> TASK STATEMENT:
Show the lines of the material that contain the word "Unit".

────────

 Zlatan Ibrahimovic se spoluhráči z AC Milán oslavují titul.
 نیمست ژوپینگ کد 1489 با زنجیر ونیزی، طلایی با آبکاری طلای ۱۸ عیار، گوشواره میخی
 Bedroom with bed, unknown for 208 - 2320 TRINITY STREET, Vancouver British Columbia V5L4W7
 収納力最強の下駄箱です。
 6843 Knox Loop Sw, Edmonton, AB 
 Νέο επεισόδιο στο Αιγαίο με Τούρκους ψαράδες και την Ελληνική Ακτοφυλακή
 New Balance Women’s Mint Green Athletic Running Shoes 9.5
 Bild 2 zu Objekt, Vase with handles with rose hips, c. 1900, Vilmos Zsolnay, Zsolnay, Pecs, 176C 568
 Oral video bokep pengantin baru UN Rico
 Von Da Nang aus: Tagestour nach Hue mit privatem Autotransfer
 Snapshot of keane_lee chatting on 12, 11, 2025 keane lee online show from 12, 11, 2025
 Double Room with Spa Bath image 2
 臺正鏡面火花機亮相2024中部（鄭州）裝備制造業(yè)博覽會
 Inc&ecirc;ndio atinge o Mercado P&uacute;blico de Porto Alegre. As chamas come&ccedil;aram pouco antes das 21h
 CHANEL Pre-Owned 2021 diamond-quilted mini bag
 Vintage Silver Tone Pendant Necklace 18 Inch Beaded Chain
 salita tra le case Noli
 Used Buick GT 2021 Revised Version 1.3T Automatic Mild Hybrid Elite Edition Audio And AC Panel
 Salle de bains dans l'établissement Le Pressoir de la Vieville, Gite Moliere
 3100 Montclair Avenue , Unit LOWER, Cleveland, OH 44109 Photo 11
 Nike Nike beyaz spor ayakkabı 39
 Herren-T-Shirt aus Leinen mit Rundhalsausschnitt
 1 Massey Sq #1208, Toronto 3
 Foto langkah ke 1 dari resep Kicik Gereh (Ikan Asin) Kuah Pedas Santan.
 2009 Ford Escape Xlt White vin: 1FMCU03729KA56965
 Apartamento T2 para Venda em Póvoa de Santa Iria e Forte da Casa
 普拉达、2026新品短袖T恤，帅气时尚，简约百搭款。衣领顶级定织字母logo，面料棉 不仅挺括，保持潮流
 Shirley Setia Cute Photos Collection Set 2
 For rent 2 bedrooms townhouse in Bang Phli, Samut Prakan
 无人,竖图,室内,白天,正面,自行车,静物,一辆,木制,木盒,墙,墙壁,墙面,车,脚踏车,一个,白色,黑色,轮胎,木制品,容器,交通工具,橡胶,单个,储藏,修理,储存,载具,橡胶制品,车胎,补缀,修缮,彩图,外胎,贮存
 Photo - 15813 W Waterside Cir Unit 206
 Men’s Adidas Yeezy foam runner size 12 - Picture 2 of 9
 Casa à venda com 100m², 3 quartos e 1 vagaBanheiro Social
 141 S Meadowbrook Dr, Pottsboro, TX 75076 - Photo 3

────────

> YOUR RESPONSE:
 3100 Montclair Avenue , Unit LOWER, Cleveland, OH 44109 Photo 11
 Photo - 15813 W Waterside Cir Unit 206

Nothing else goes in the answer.